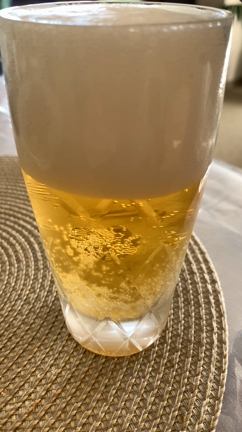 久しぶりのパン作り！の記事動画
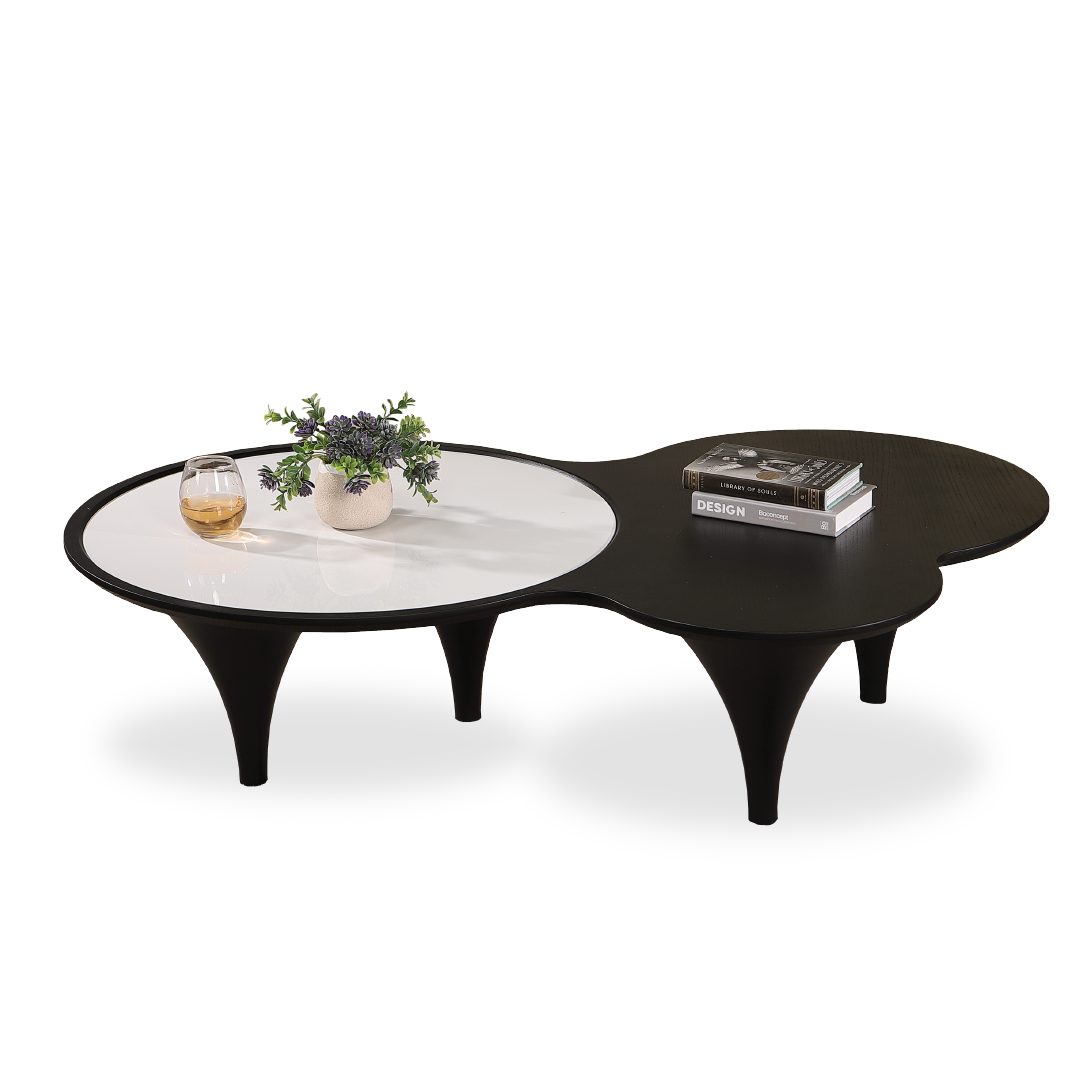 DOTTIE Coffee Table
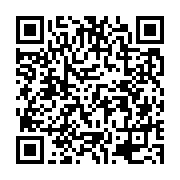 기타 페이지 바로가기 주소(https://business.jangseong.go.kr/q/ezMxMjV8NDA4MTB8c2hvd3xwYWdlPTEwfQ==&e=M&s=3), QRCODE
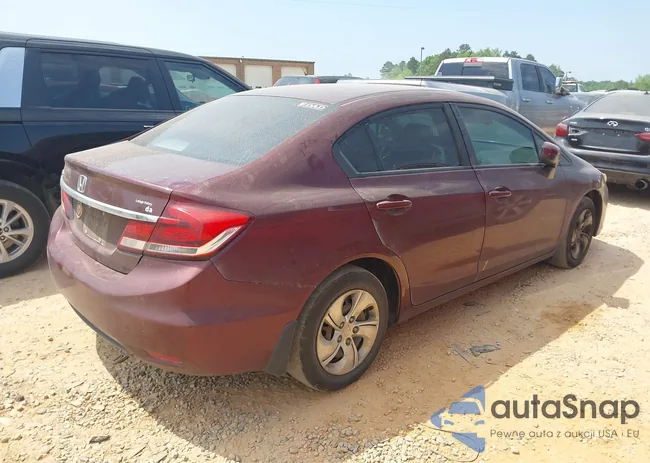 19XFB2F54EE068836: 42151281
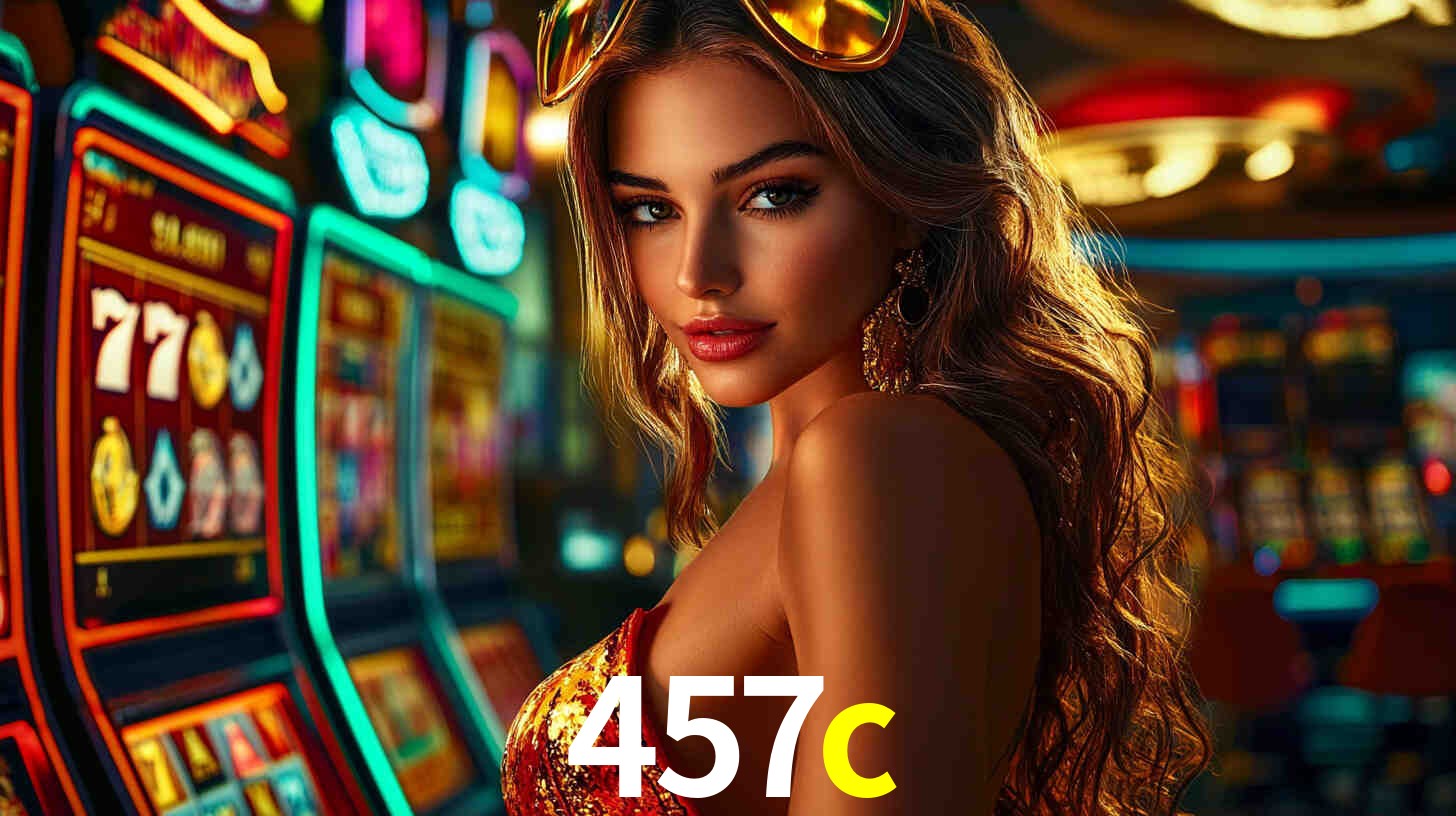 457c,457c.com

━━━━━━━━

DESCRIPTION OF THE TASK: Set the records down again exactly, and omit any picture in them.

SOLVED PROBLEM:
 久しぶりのパン作り！の記事動画
 DOTTIE Coffee Table
 기타 페이지 바로가기 주소(https://business.jangseong.go.kr/q/ezMxMjV8NDA4MTB8c2hvd3xwYWdlPTEwfQ==&e=M&s=3), QRCODE
 19XFB2F54EE068836: 42151281
 457c,457c.com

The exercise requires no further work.